Receiver attribute in IPPFAX and get rid of the RECOMMENDATION that the
Sender query it. This makes IPPFAX even simpler.
Also with the choice media type, there is yet another reason for the Sender
not to query the Receiver's "media-ready" attribute. The Sender can assume
that the choice a4 or letter is supported for IPPFAX and doesn't even have
to query the Receiver's "media-supported" attribute.
Tom
-----Original Message-----
From: Gail Songer [mailto:gail.songer@peerless.com]
Sent: Thursday, June 05, 2003 08:12
To: Hastings, Tom N
Cc: ifx@pwg.org
Subject: RE: IFX> Media-Ready [and is IPPFAX a Device Protocol or an
Electronic Document Exchange Protocol?]
Hi Tom,
I've been mulling this topic and I believe that media-ready was required
because we were going to require the client to format the job based on the
size of the paper that could be printed (sender makes right).
However, now that we allow scaling and that we are focusing repositories,
maybe this requirement can be lifted.
Gail Songer
Peerless Systems Corp
-----Original Message-----
From: Hastings, Tom N [mailto:hastings@cp10.es.xerox.com]

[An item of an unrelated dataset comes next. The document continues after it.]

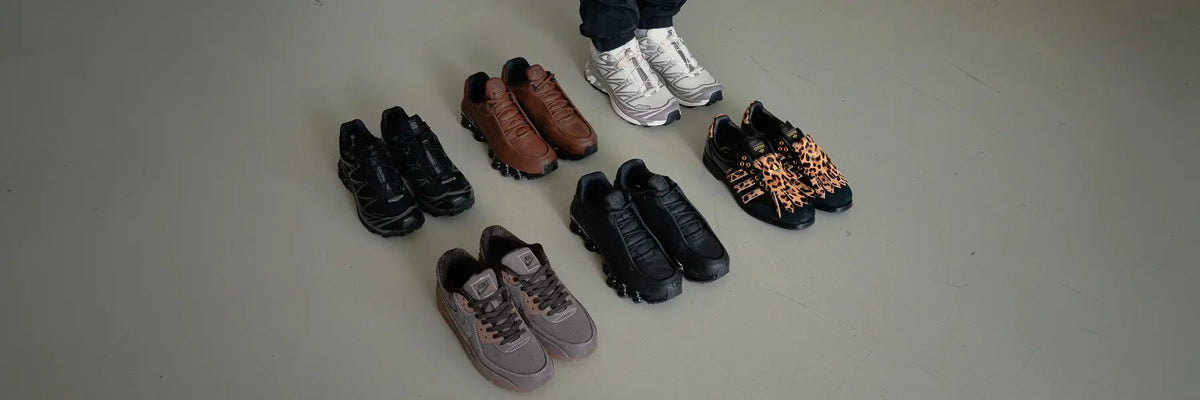 Six pairs of autumn sneakers arranged on the floor with a person wearing white sneakers standing behind them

Sent: Friday, May 30, 2003 3:06 PM
To: Gail Songer
Cc: ifx@pwg.org
Subject: RE: IFX> Media-Ready [and is IPPFAX a Device Protocol or an
Electronic Document Exchange Protocol?]
Gail,
I suspect that the reason that the IPPFAX spec says that the Receiver MUST
support "media-ready" was because the spec says that the IPPFAX Sender
SHOULD query the "media-ready" Printer attribute.

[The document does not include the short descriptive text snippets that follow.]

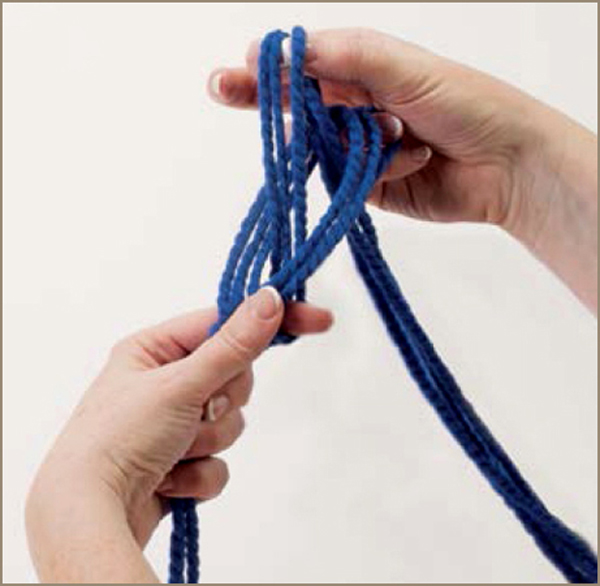 3 Complete the slip knot Reach through the loop grab the top set of strands - photo 6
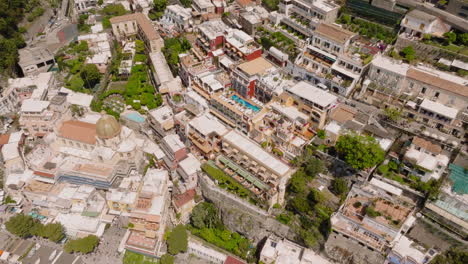 Aerial:-Slow-panning-drone-shot-of-houses-and-hotels-at-Positano-in-Amalfi-coast-of-Italy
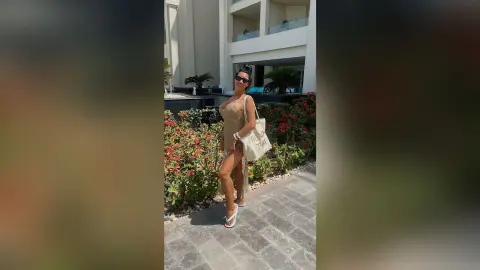 MissyJolie stands outdoors in a tan cut-out bodysuit and sunglasses, posing next to a flower bed near a white building.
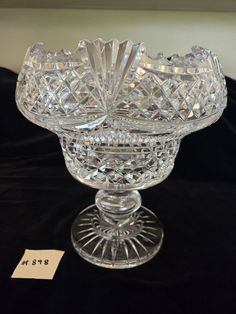 a crystal bowl sitting on top of a black tablecloth covered table next to a price tag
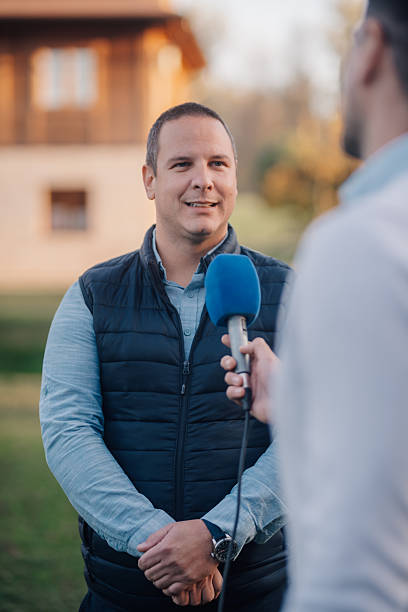 A male television reporter holding a microphone, is standing outdoors in front of a building. A male camera operator is filming him. Selective focus.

I also think that the mind set of IPPFAX had been a single Device, so that
the fan-out to multiple devices wasn't even a consideration in being
difficult to reflect the "media-ready" value(s) correctly. For example, the
statement in the Introduction:
"The target market for an IPPFAX receiver is a midrange imaging device that
can support the minimum memory requirements that are required by the data
format PDF/is, but the image format is structured in such a way that the
Receiver is not required to include a disk or other permanent storage."
On the other hand, the definition of Receiver is:
"Receiver The Printer object that accepts IPPFAX protocol operations and
receives the Document sent by the Sender. A Receiver offers the IPPFAX
Print Service (by definition)."
So the real question is:
OK that the IPPFAX Sender not bother with querying "media-ready", but should
send the IPPFAX PDF/is document whether the media is ready or not?

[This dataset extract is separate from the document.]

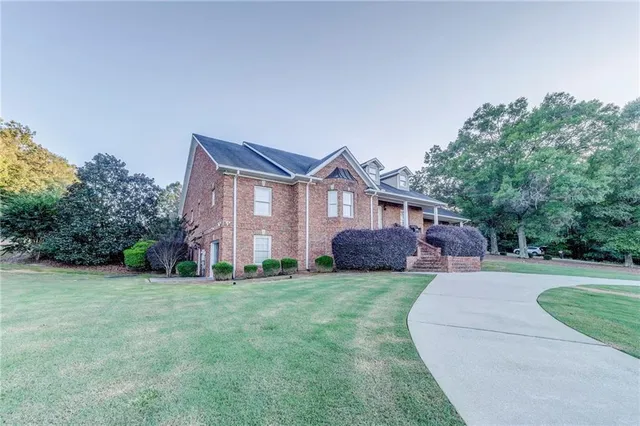 a view of house with a yard and entertaining space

If the Sender doesn't query "media-ready", then the IPPFAX protocol is an
Electronic Document Transfer Protocol, i.e., get the bits from the Sender to
the Receiver, rather than get the Quality Document Successfully Printed onto
Paper Service. The mind set of the WG does shift from one paradigm to the
other from time to time (and from place to place within the IPPFAX Protocol
spec itself).
As another example of this vacilation between defining a Device Protocol
versus an Electronic Document Exchange Service, is the idea that the IPPGET
notification is going to indicate whether the paper got printed OK. To me
that means we are talking about getting the document successfully
transferred to paper. Therefore, with that mind set, having the Sender
query the "media-ready" makes a lot of sense if the Sending User cares about
knowing for certain that the document was correctly imaged onto paper.
Tom
-----Original Message-----
From: Gail Songer [mailto:gail.songer@peerless.com]
Sent: Friday, May 30, 2003 06:32
To: ifx@pwg.org
Subject: IFX> Media-Ready
At Wednesday's telecom, we discovered that Media-Ready was Required in one
spot and optional in another. Ira was of the opinion that it should be
PROHIBIED.
Does anyone else have opinion (or remember why it was "Required"?)